> _WORK TO BE COMPLETED_:
Only the lines from the one containing "リラックス感 カートゥーン犬落書き 半袖Tシャツ【FCシリーズ】" to the end of the listing below should be returned, exactly as written and without pictures.

> _MATERIAL PROVIDED_:
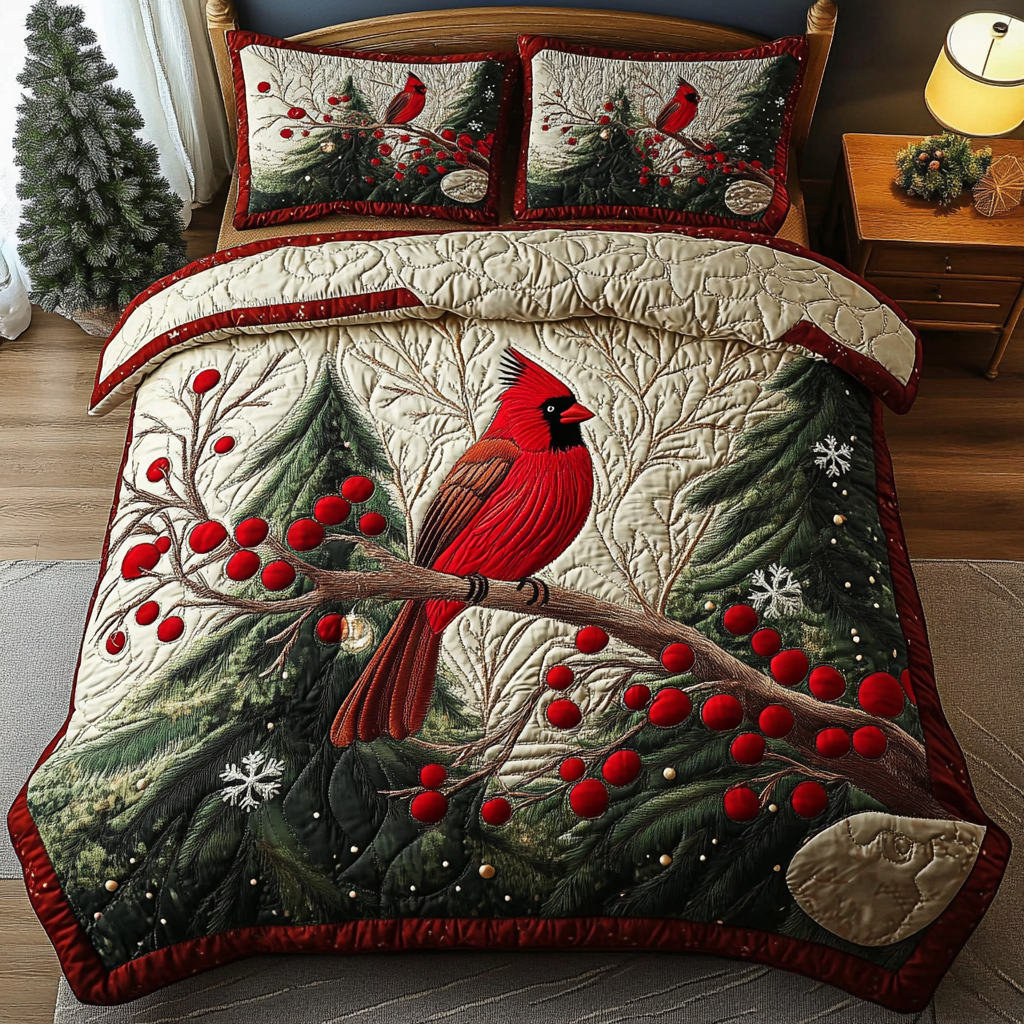 Winter Cardinal Bliss Quilted Bedding Set Cardinal Christmas Decor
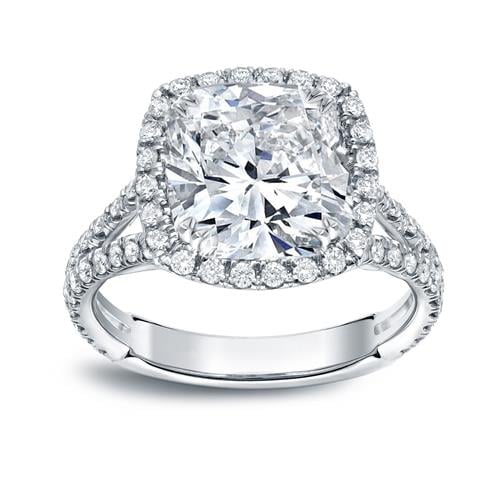 Cushion Cut Diamond Halo Engagement Ring In 14k White Gold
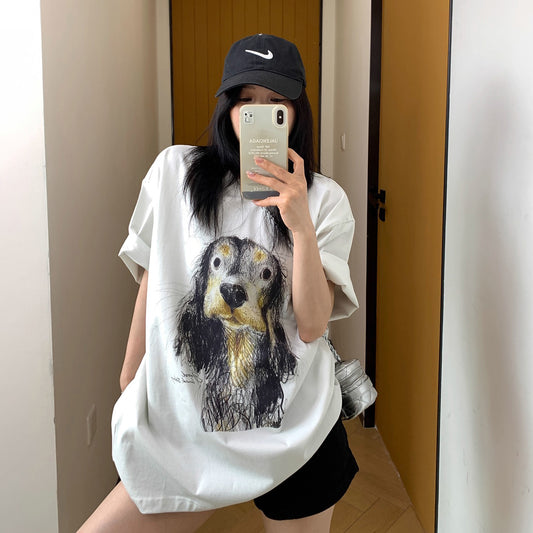 【トップス】カジュアル リラックス感 カートゥーン犬落書き 半袖Tシャツ【FCシリーズ】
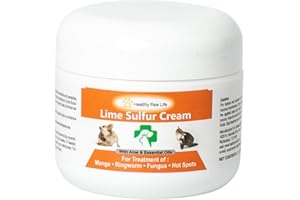 Healthy Paw Life's Lime Sulfur Pet Skin Cream (2 oz) - Pet Care and Veterinary Treatment for Itchy and Dry Skin - Safe Solution for Dog, Cat, Puppy, Kitten, Horse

> _ANSWER TO THIS TASK_:
 【トップス】カジュアル リラックス感 カートゥーン犬落書き 半袖Tシャツ【FCシリーズ】
 Healthy Paw Life's Lime Sulfur Pet Skin Cream (2 oz) - Pet Care and Veterinary Treatment for Itchy and Dry Skin - Safe Solution for Dog, Cat, Puppy, Kitten, Horse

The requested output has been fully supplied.